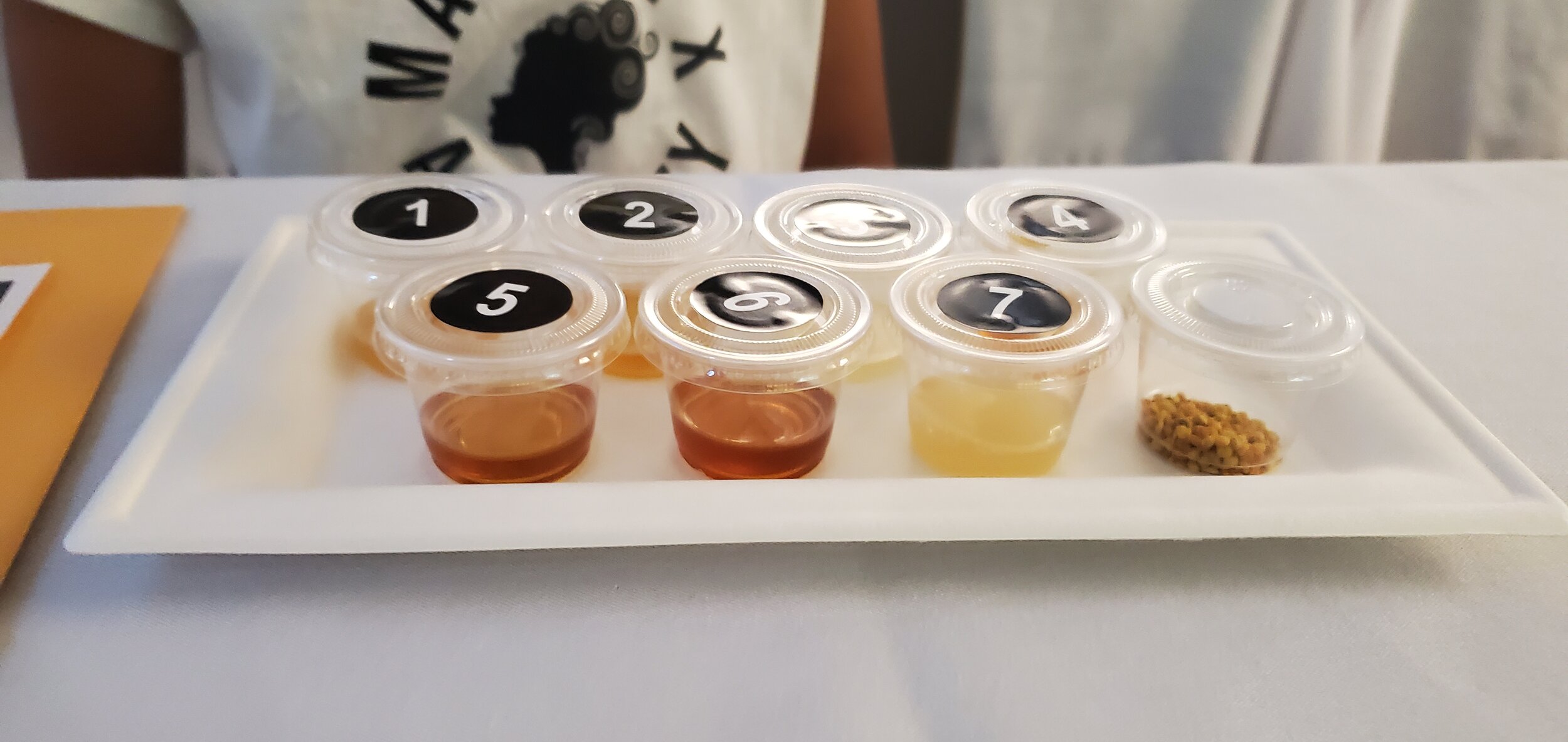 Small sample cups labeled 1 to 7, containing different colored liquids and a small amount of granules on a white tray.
* * *
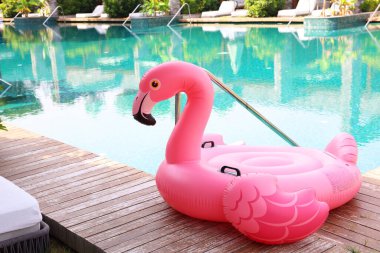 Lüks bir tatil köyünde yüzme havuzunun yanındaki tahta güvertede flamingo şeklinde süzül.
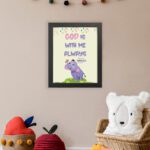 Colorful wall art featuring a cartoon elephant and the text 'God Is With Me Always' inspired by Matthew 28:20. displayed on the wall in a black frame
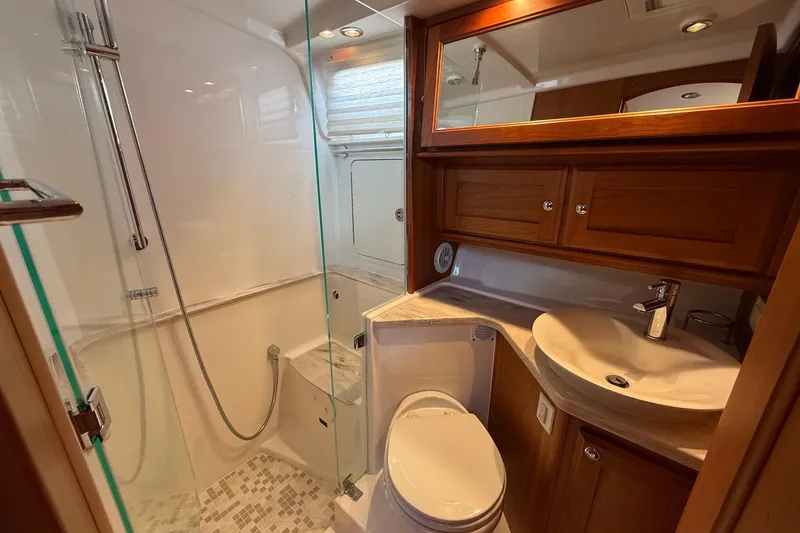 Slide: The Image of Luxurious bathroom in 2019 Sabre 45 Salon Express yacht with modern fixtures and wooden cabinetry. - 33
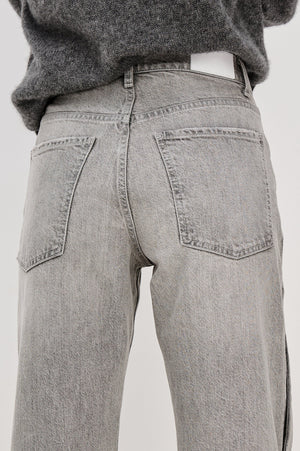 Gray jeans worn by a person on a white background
==
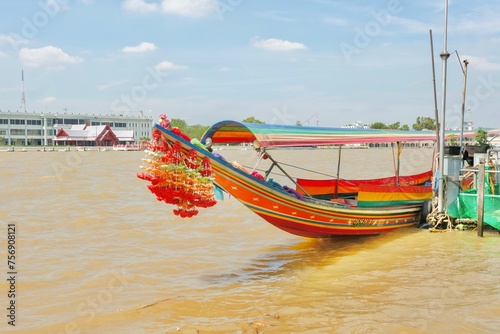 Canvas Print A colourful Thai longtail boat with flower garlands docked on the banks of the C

-- Assigned task --
Extract from the material above the stretch running from the line containing "Colorful wall art" through the line containing "Slide: The Image". Keep the text exact and the pictures out.

-- The answer --
 Colorful wall art featuring a cartoon elephant and the text 'God Is With Me Always' inspired by Matthew 28:20. displayed on the wall in a black frame
 Slide: The Image of Luxurious bathroom in 2019 Sabre 45 Salon Express yacht with modern fixtures and wooden cabinetry. - 33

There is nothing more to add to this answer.